• _REQUIREMENT_
Everything in the records below from the line containing "at 209 Carnoustie" through the line containing "Misquamicut Cottage |" is to be reproduced exactly, those two lines included; no picture is to be copied.

§

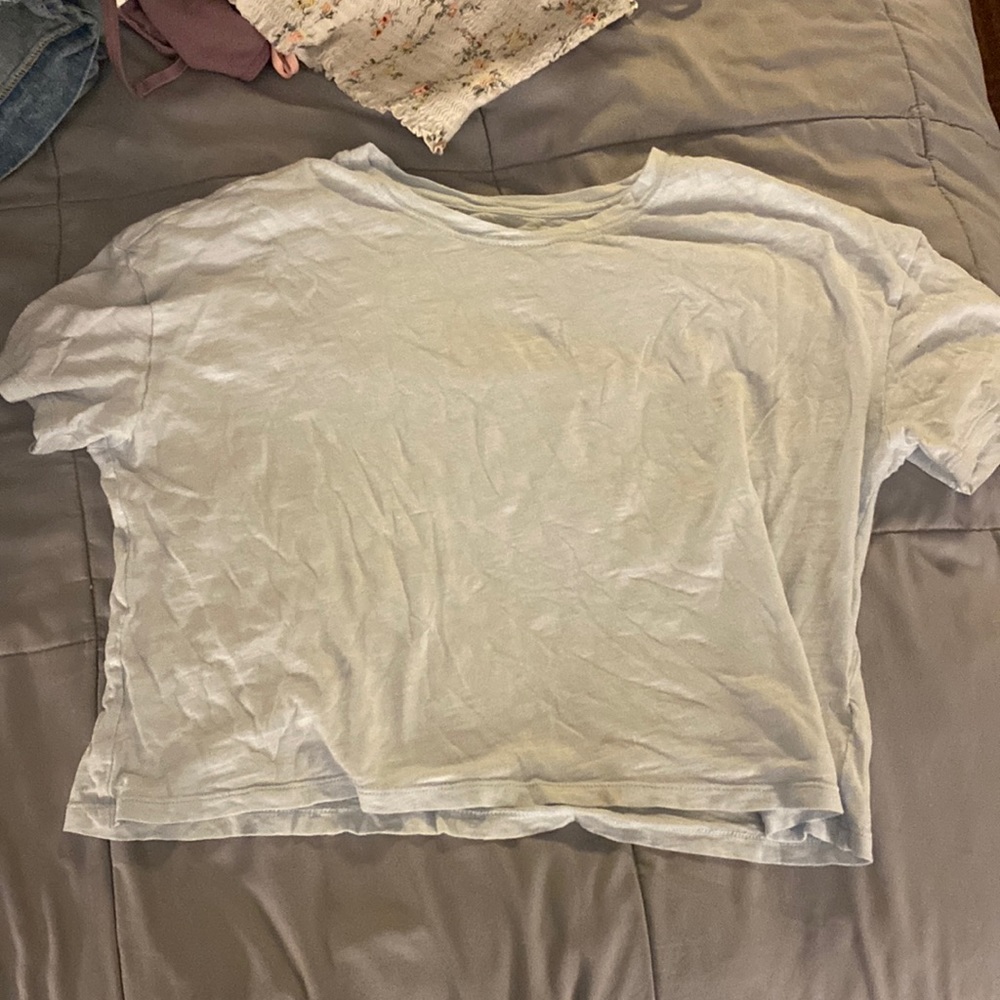 Old Navy Light Blue T-Shirt (Size Medium)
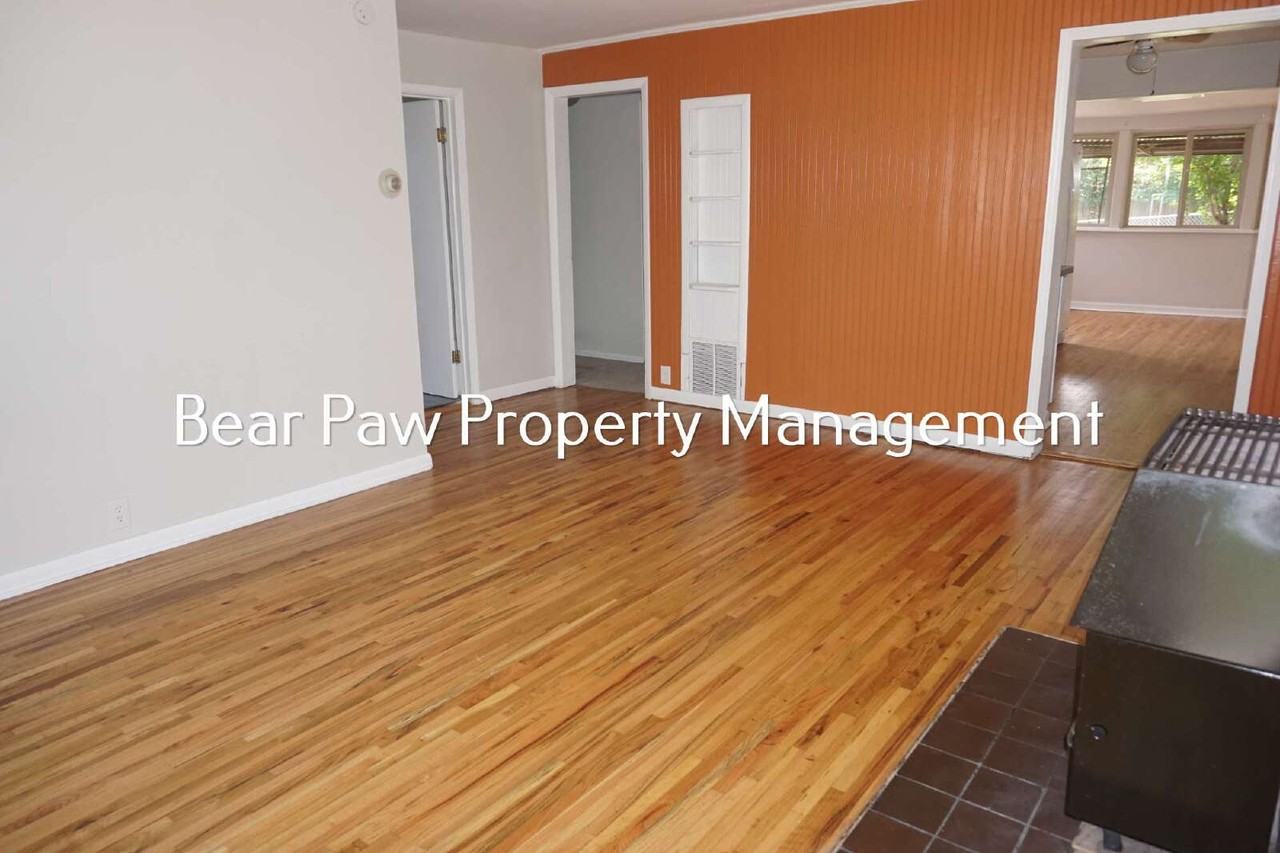 960 Loveland St #B - Photo 5 of 17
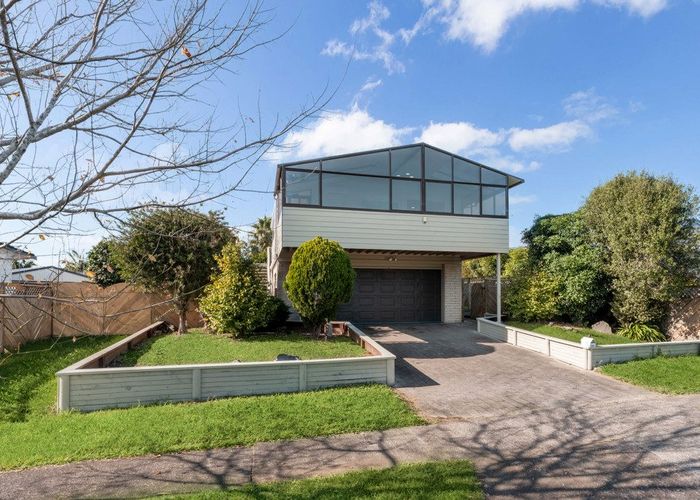  at 209 Carnoustie Drive, Wattle Downs, Manukau City, Auckland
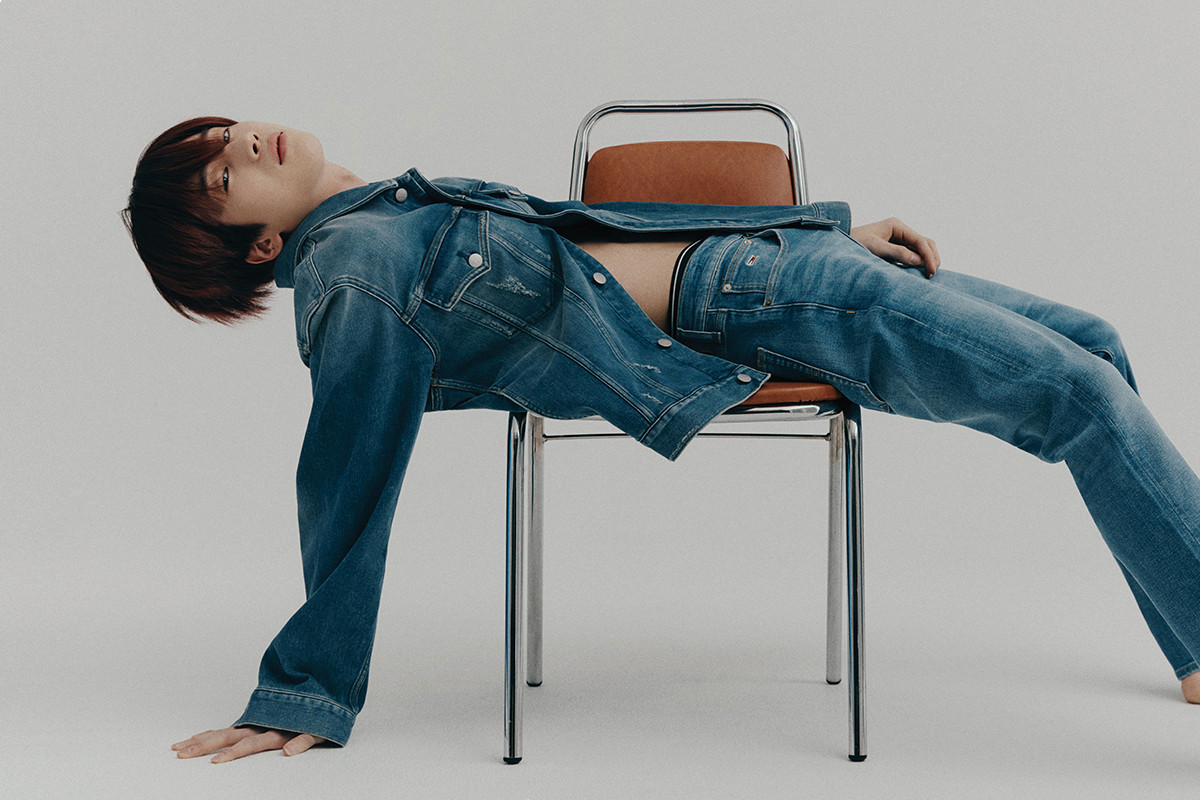 VICTON Han Seungwoo reveals perfect abs in new 1st Look Magazine photoshoot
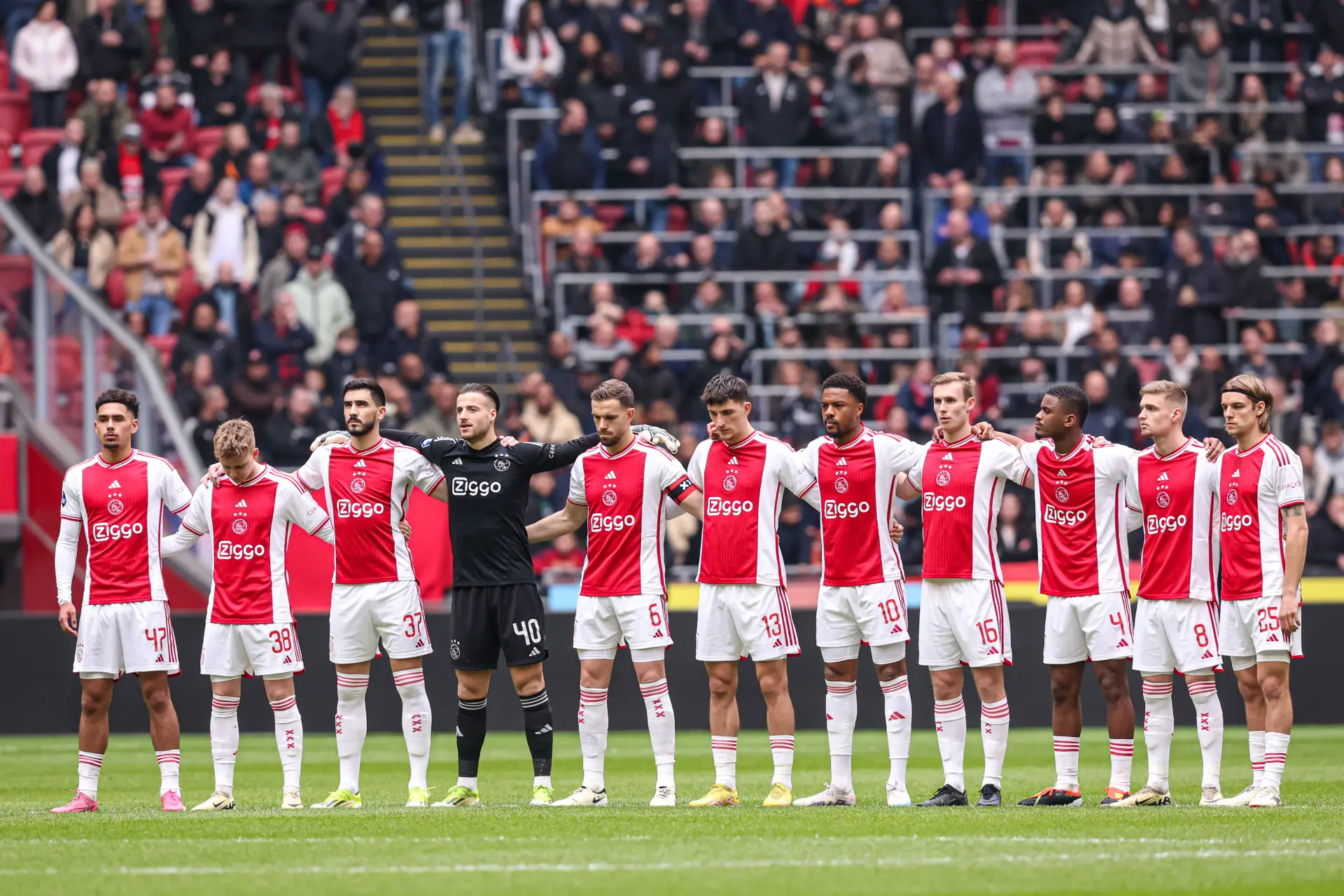 Ajax-fans woedend op Jeugdjournaal na opvallende opmerking: 'Haha, Ajax is slecht, grappig'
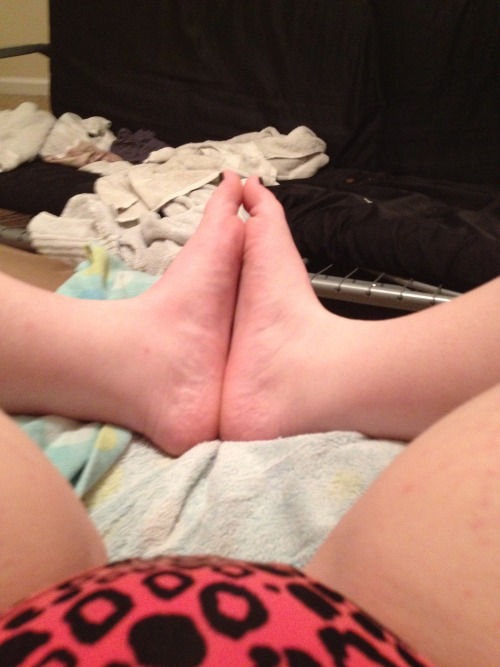 wikifootjob: Pale BBW Teen Footjob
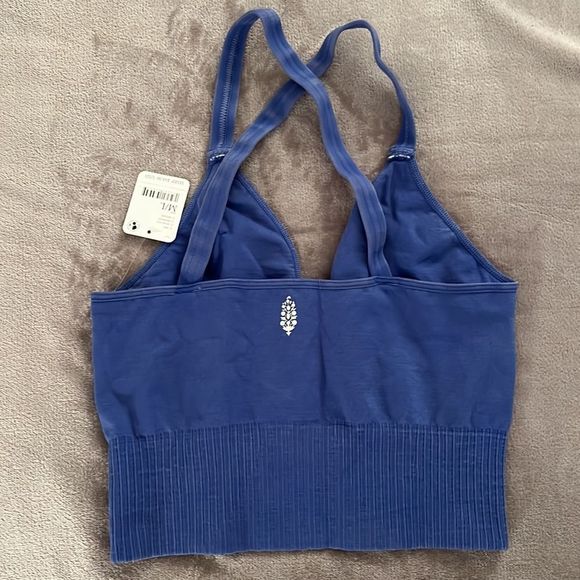 Good Karma Running Shorts and Good Karma Crop Tank MSRP $86 M/L - Picture 6 of 16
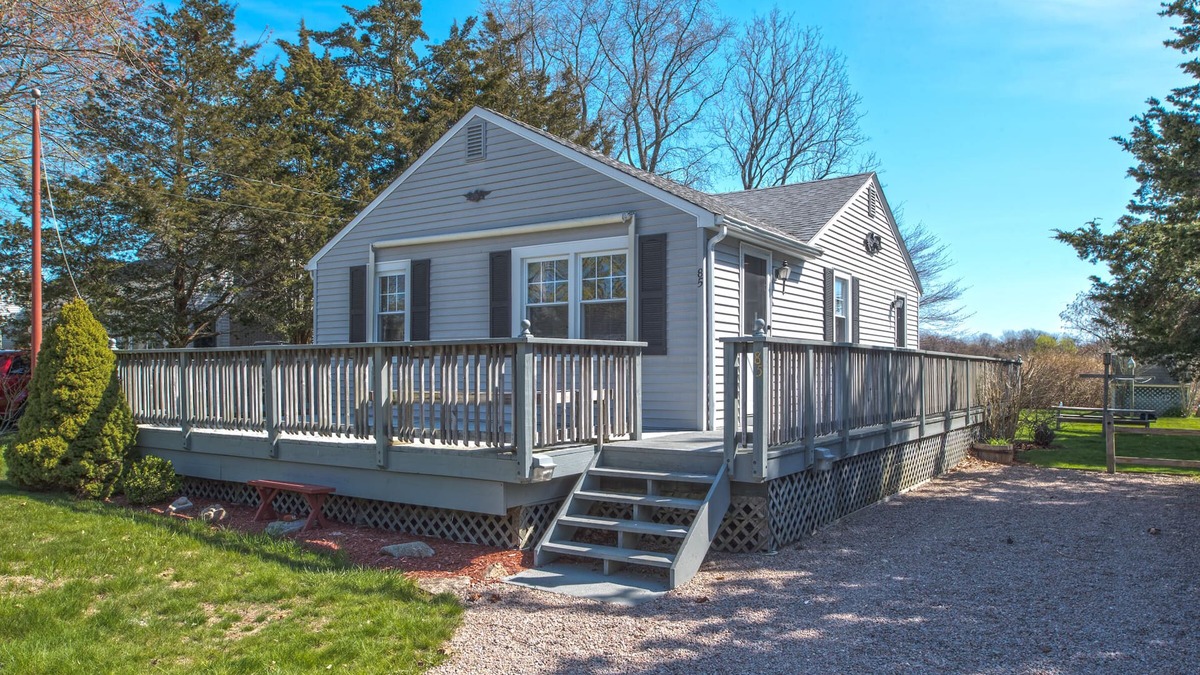 Misquamicut Cottage | Sells Out Every Summer-Walking Distance to Fire District Beaches!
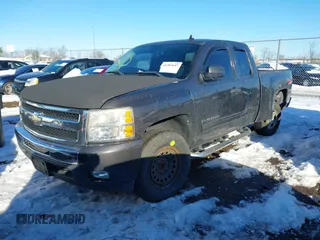 2010 Chevrolet Silverado 1500 LT with VIN 1GCSCSE00AZ153124, listed as a IAAI auction lot 41307647 with 174,991 mi miles and . Bid and sale history available at DreamBid. Image 18.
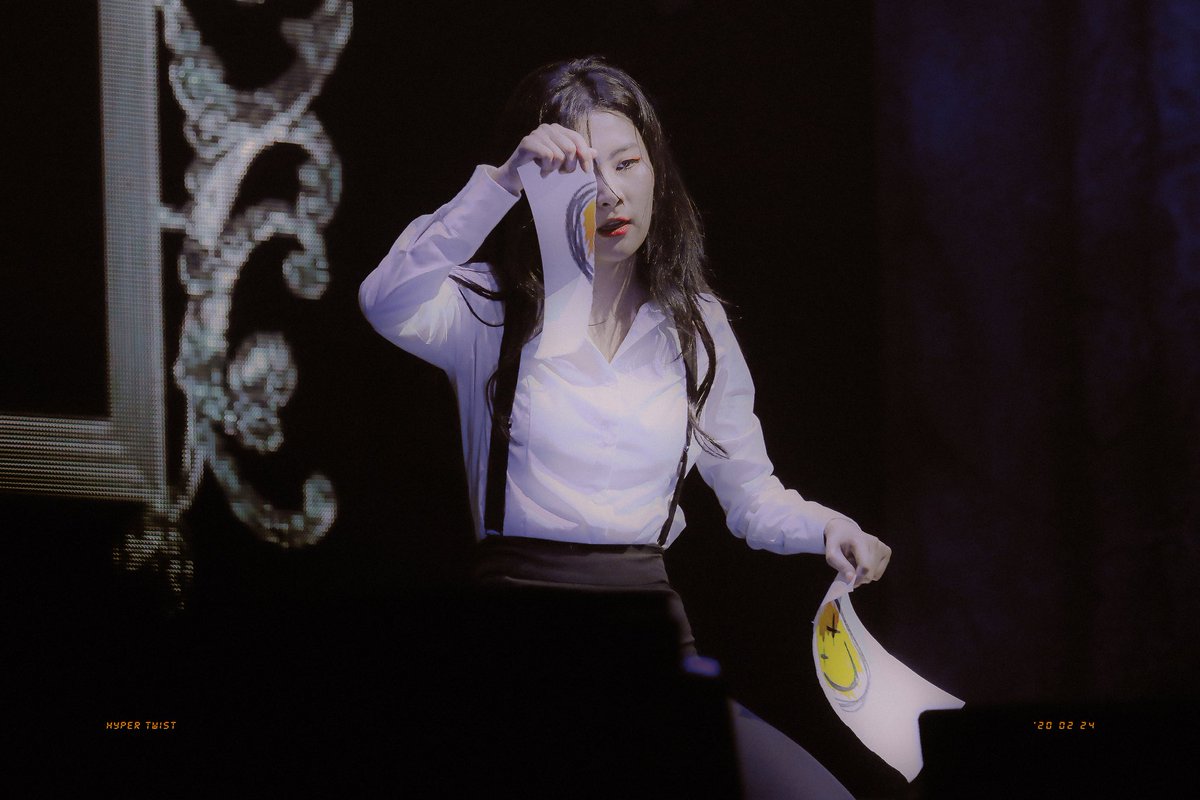 hypertwist_'s tweet photo. 200224 𝔭𝔲𝔱 𝔬𝔫 𝔞 𝔥𝔞𝔭𝔭𝔶 𝔣𝔞𝔠𝔢😵💔
#UncoverSEULGI #슬기 #seulgi https://t.co/bekbX0T4ko
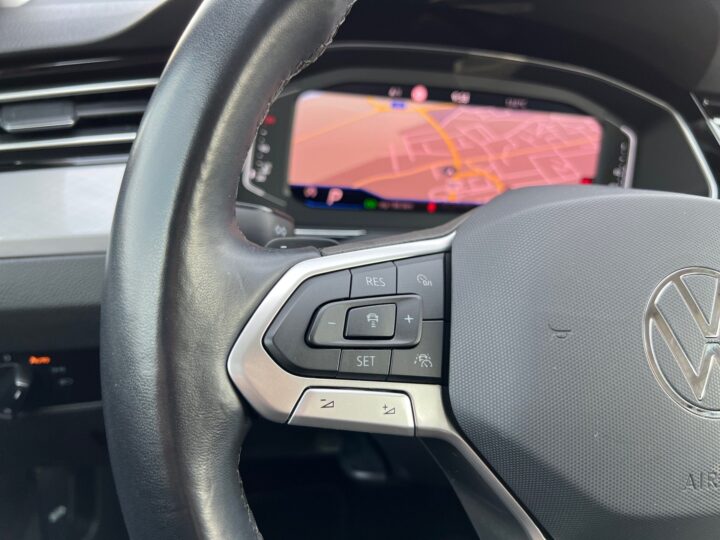 Abbildung Fahrzeugdetailansicht Volkswagen Passat Variant - Nr. 40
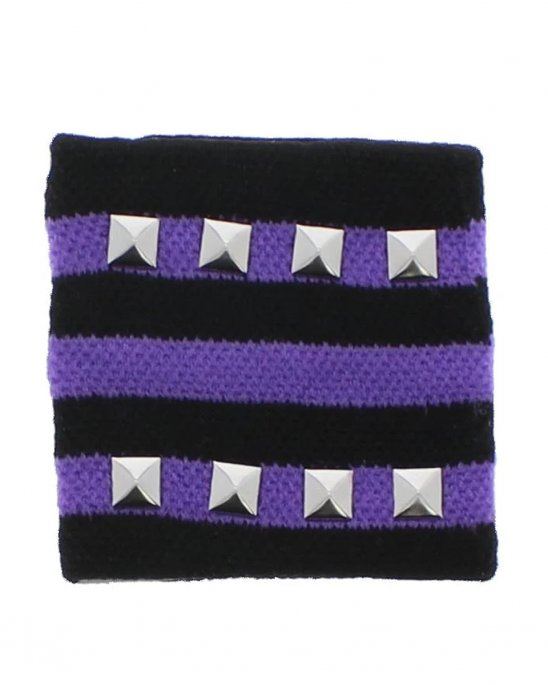 svettband-svart-lila-med-nitar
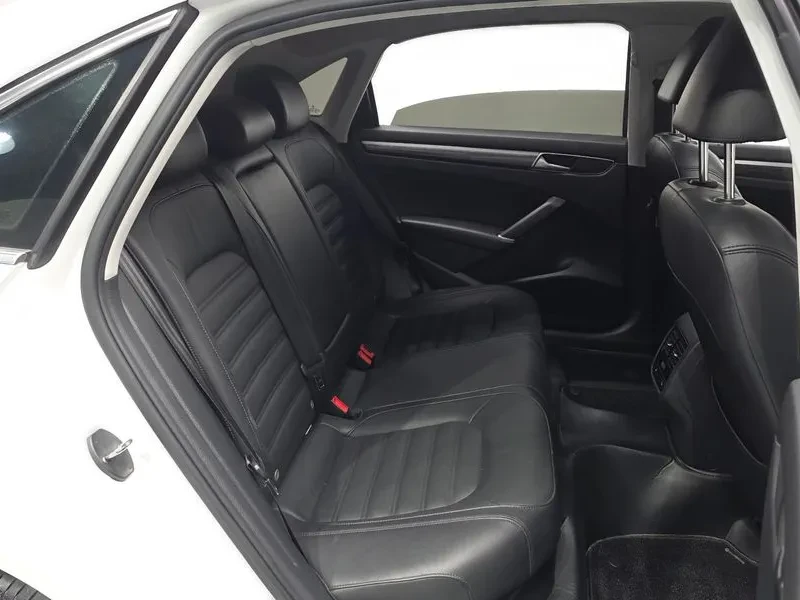 VW Passat 2.0 TSI - САМО 30% АВАНС, снимка 11 - Автомобили и джипове - 56267701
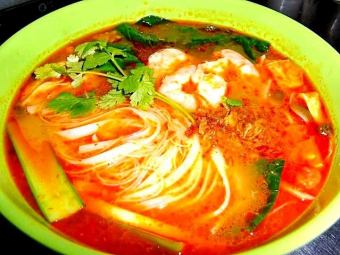 Siam Laksa (Tom Yum Goong Noodles)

§

• _RESPONSE_
  at 209 Carnoustie Drive, Wattle Downs, Manukau City, Auckland
 VICTON Han Seungwoo reveals perfect abs in new 1st Look Magazine photoshoot
 Ajax-fans woedend op Jeugdjournaal na opvallende opmerking: 'Haha, Ajax is slecht, grappig'
 wikifootjob: Pale BBW Teen Footjob
 Good Karma Running Shorts and Good Karma Crop Tank MSRP $86 M/L - Picture 6 of 16
 Misquamicut Cottage | Sells Out Every Summer-Walking Distance to Fire District Beaches!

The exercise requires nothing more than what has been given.